I’ve just found the best tartar sauce I’ve ever eaten, here in Westchester. A photograph would only prove that tartar sauce is not Instagram friendly—but believe me when I say, the chunks of green olives, bits of roasted red pepper, and sweet pickle relish make you wonder, for the first time, whether tartar sauce could ever make it as a dip.

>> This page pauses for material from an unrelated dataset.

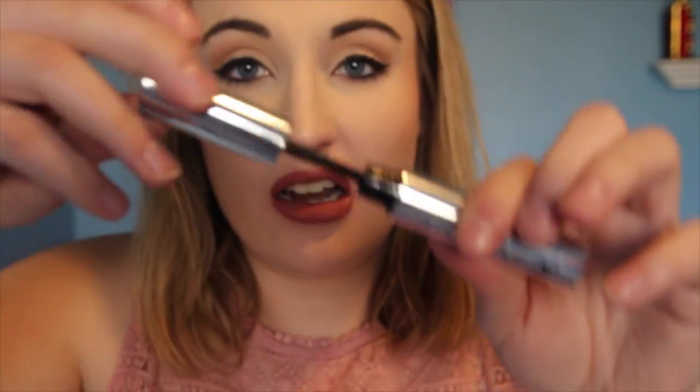The next thing I have is my Anastasia Beverly Hills clear brow gel. I have been obsessed with it — it is honestly the best thing ever. It's like super glue for your brows. They just stay in place all day, all day. You don't even have to use that much.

My mother turned us onto 35-year-old Highridge Fishery in Yonkers when she served us flounder bought and fried there—they fry the fish while you wait (note that pieces run large). The store, run by the original owner, Frank Siragusa, who grew up catching and selling fish in Sicily, features about 30 types of seafood, including wild-caught shrimp, salmon, sea scallops, and calamari, as well as prepared foods such as clam chowder, seafood salads, poached salmon with dill sauce, stuffed mushrooms, and fresh paella Valenciana every Thursday. Steamed king crab legs as big as my arm were being pulled out of a freezer. A net hanging over the display case holds not only the usual flotsam and jetsam but Christmas ornaments and a trapped Santa. They shuck clams and oysters, make their own gefilte fish, and cook any kind of fish with your choice of sauce (or buy clam sauce and add your own pasta). A 6-item lunch menu ($8 to $10) includes a side and a sauce.
Walk out with lunch or dinner and get it home as soon as you can (no seats—it’s a fish store). An elegant version of coleslaw, the cabbage having almost no discernible coating but full coleslaw flavor, and a small tray of clams oreganata to heat up at home, rounded out our feast.